**TASK DIRECTIONS**
Produce a verbatim transcript of the entries below, excluding pictures.

Captioned web images

* * * *

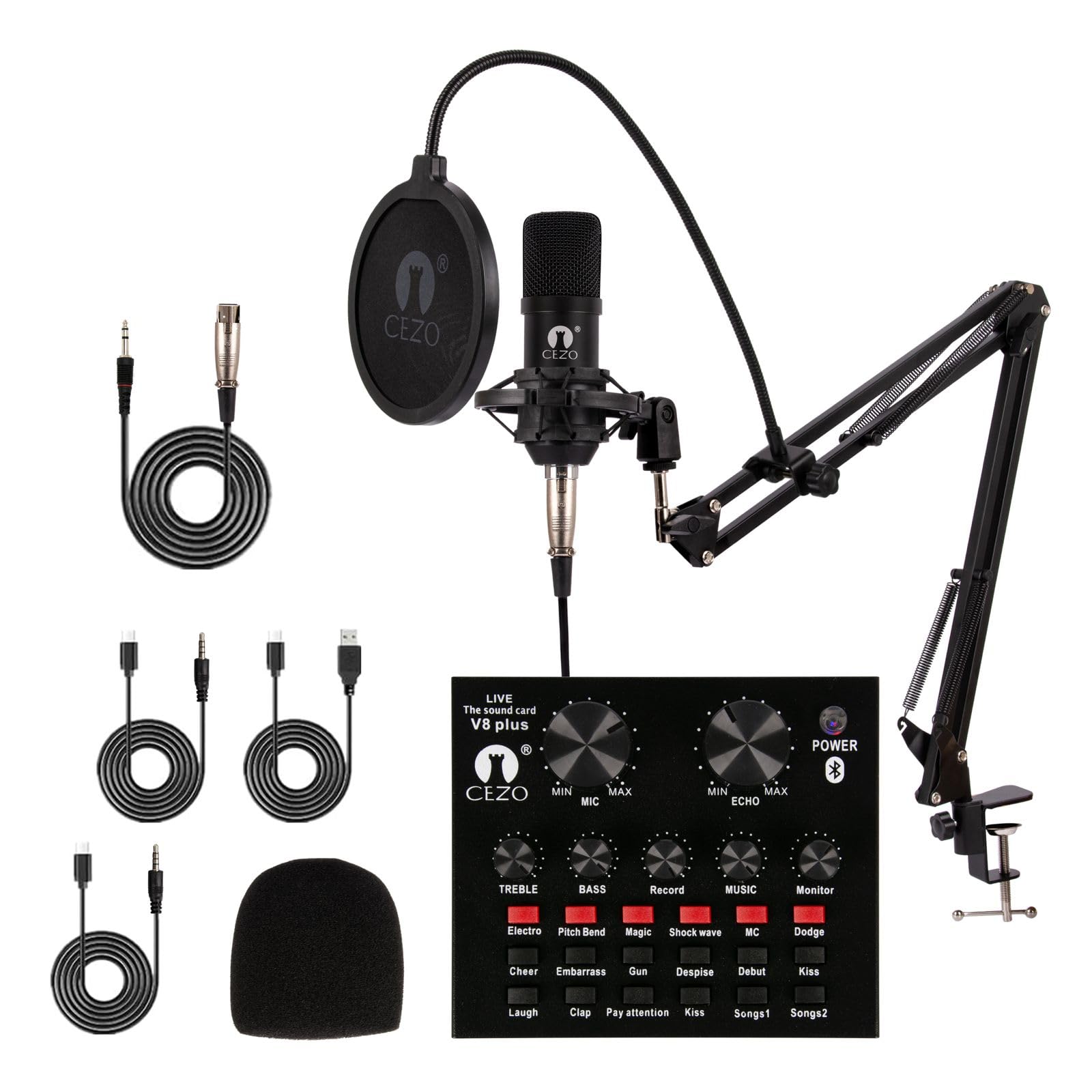 Cezo Condenser Microphone Podcast Equipment Bundle Bm 800 With V8 Sound Card, Audio Interface With Podcast Microphone, Studio Eq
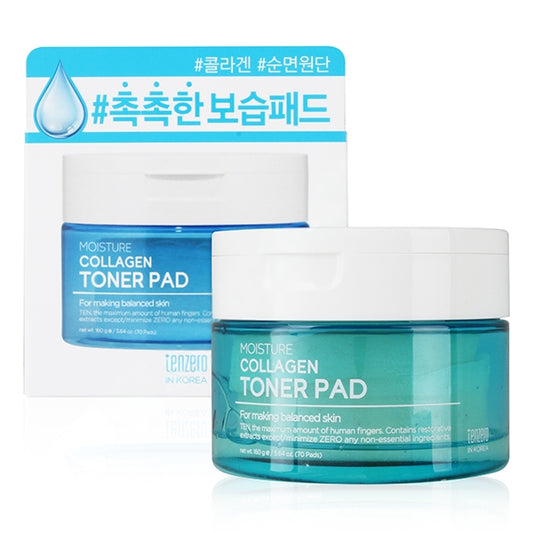 TENZERO MOISTURE COLLAGEN TONER PAD (70 SHEETS)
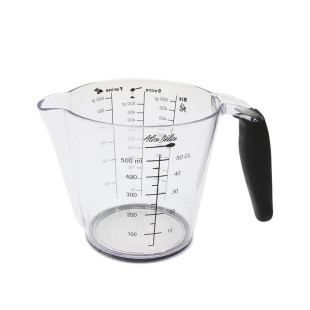 Verre doseur en plastique transparent 500 ml avec poignée et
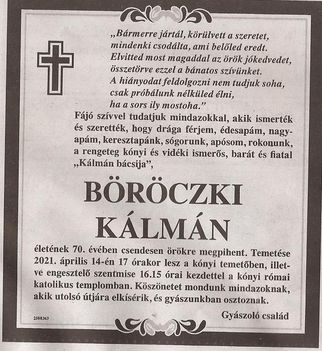 Böröczki Kálmán gyászjelentése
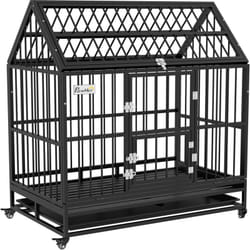 Cage chien grande taille sur roulettes - 2 portes verrouillables, plateau amovible - acier noir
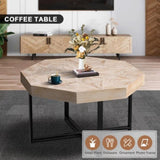 Wood Octagonal Vintage Patchwork Craft Farmhouse 30 Inch Wooden Top Cross Metal Legs Coffee W1445P193126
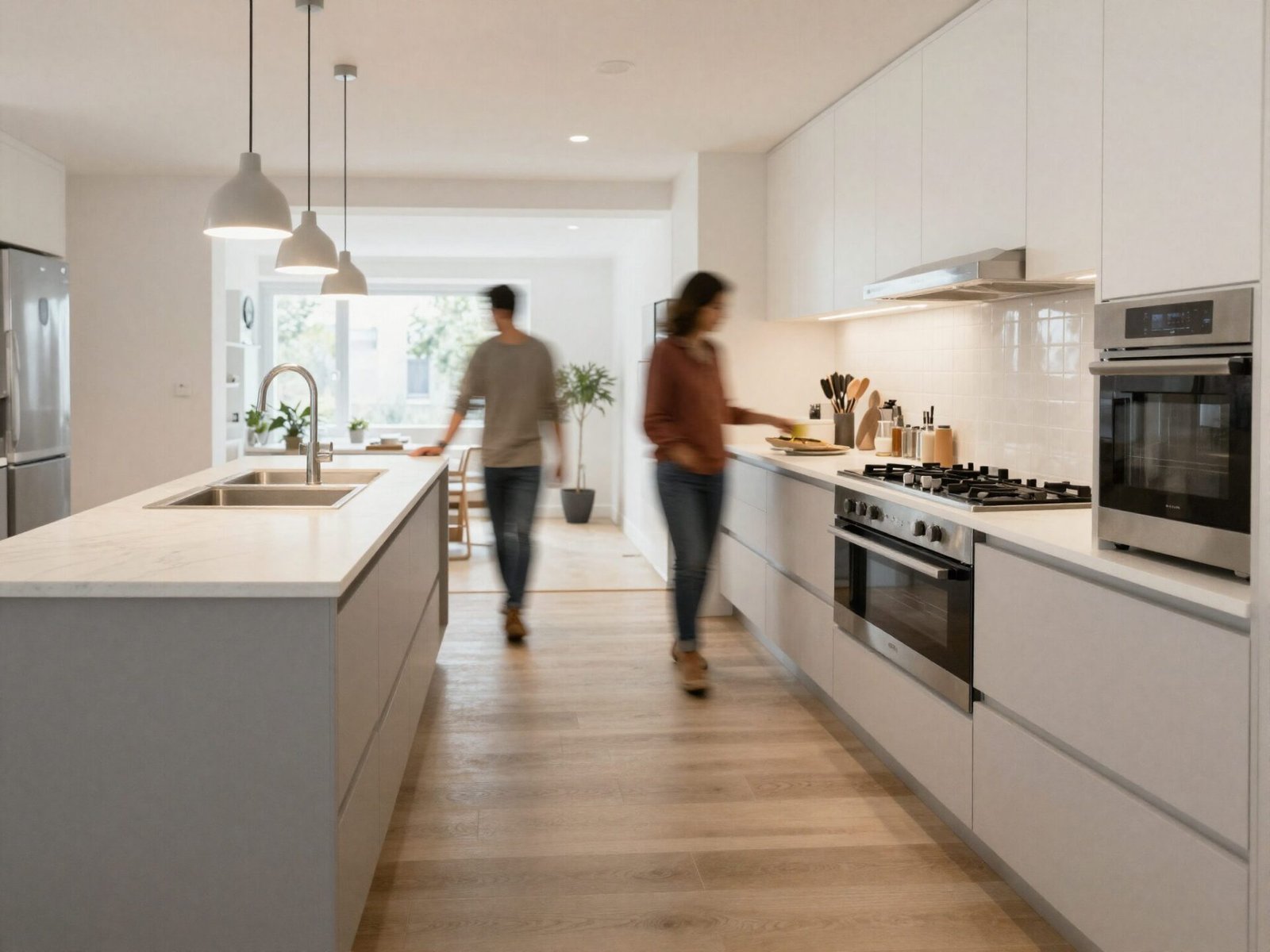 Wide work aisle between a kitchen island and the stove counter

* * * *

**RESPONSE BELOW**
 Cezo Condenser Microphone Podcast Equipment Bundle Bm 800 With V8 Sound Card, Audio Interface With Podcast Microphone, Studio Eq
 TENZERO MOISTURE COLLAGEN TONER PAD (70 SHEETS)
 Verre doseur en plastique transparent 500 ml avec poignée et
 Böröczki Kálmán gyászjelentése
 Cage chien grande taille sur roulettes - 2 portes verrouillables, plateau amovible - acier noir
 Wood Octagonal Vintage Patchwork Craft Farmhouse 30 Inch Wooden Top Cross Metal Legs Coffee W1445P193126
 Wide work aisle between a kitchen island and the stove counter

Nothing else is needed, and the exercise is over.